Exercise materials:
────────────────────
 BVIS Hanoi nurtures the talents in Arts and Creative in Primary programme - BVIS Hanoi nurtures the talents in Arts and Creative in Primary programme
────────────────────
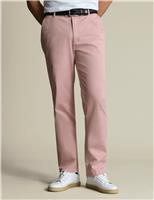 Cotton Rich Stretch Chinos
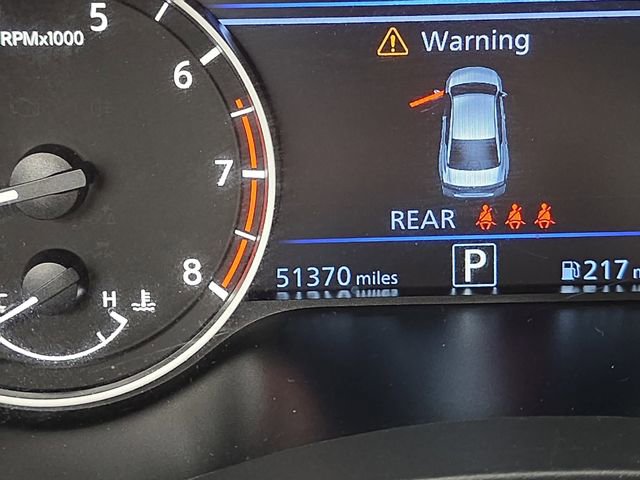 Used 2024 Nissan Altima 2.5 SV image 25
────────────────────
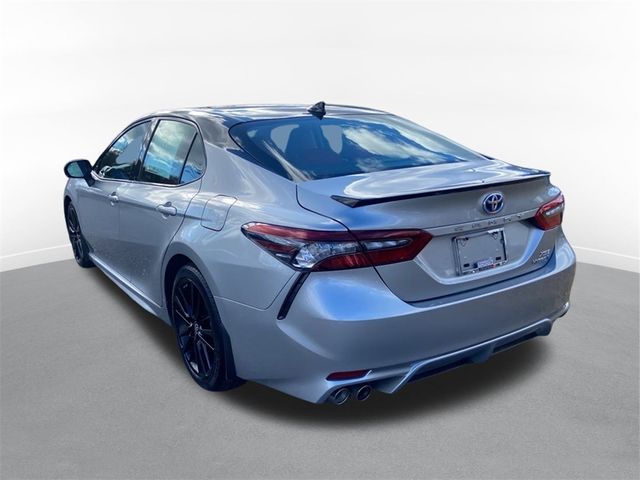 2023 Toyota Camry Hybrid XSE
────────────────────
Work to complete: Nothing but the lines above from the line with "Cotton Rich Stretch Chinos" up to and including the line with "Used 2024 Nissan Altima 2.5 SV image 25" should be returned, exactly as written and without pictures.

Answer section:
 Cotton Rich Stretch Chinos
 Used 2024 Nissan Altima 2.5 SV image 25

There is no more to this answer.